If you really need info about these pages and reference their memdesc it
is likely be 9 cache lines that scattered across memory instead of 8 cache
lines next to each other in the same page.

And it's going to be two cachelines instead of one if we need info about
one page. I think it is the most common case.

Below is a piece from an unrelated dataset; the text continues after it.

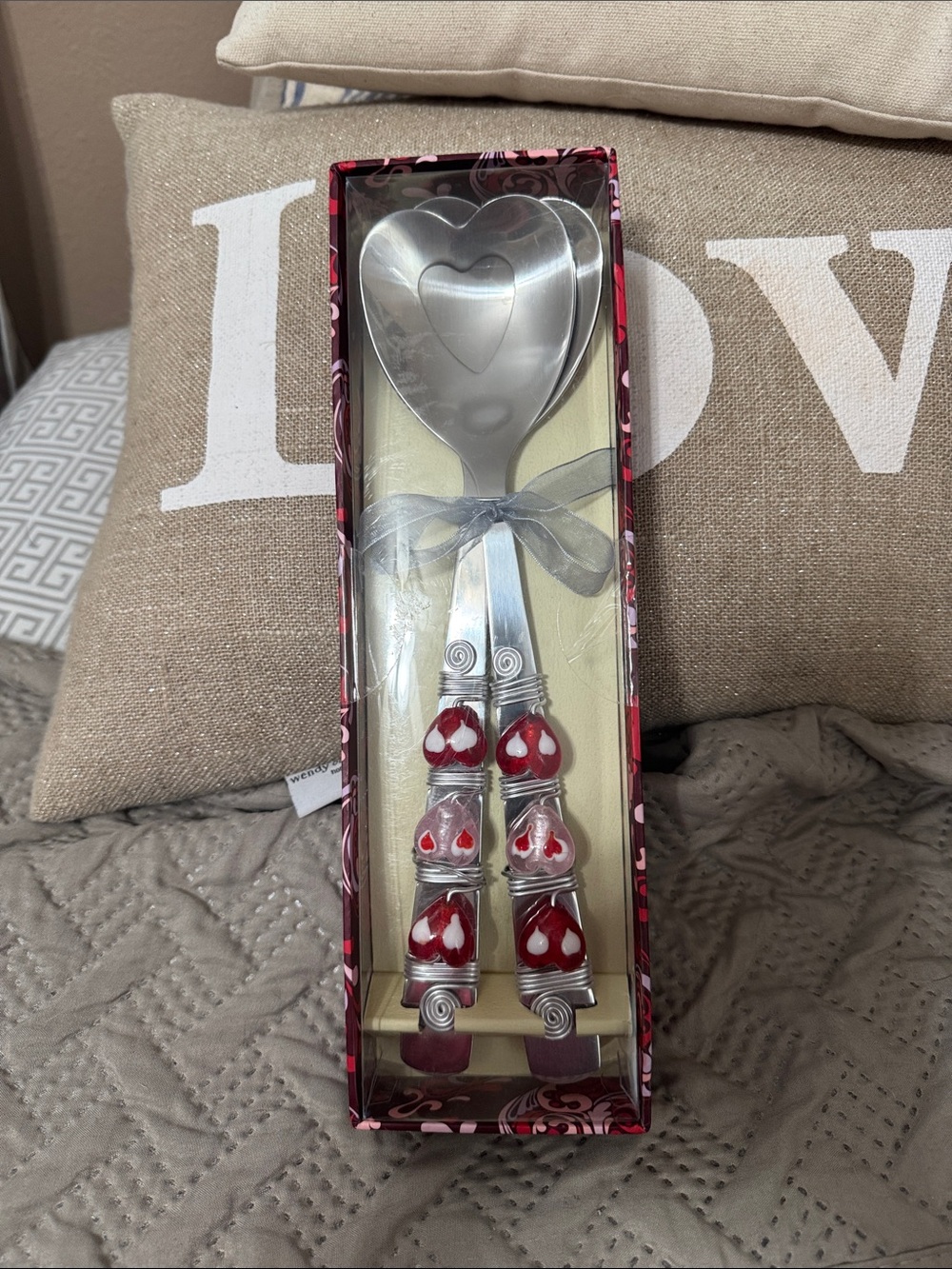 Heart-Handled Salad Serving Set with Red Beaded Accents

Initially, I thought we can offset the cost by caching memdescs instead of
struct page/folio. Like page cache store memdesc, but it would require
memdesc_to_pfn() which is not possible, unless we want to store pfn
explicitly in memdesc.

I don't want to be buzzkill, I like the idea a lot, but abstractions are
often costly. Getting it upstream without noticeable performance
regressions going to be a challenge.

> > It can be especially painful for physical memory scanning. I guess we can
> > derive some info from memdesc type itself, like if it can be movable. But
> > still looks like an expensive change.
>
> I just don't think of physical memory scanning as something we do
> often, or in a performance-sensitive path. I'm OK with slowing down
> kcompactd if it makes walking the LRU list faster.
>
> > Do you have any estimation on how much CPU time we will pay to reduce
> > memory (and cache) overhead? RAM size tend to grow faster than IPC.
> > We need to make sure it is the right direction.
>
> I don't. I've heard colourful metaphors from the hyperscale crowd about
> how many more VMs they could sell, usually in terms of putting pallets
> of money in the parking lot and setting them on fire. But IPC isn't the
> right metric either, CPU performance is all about cache misses these days.

As I said above, I don't expect the new scheme to be cache-friendly
either.

--
Kiryl Shutsemau / Kirill A. Shutemov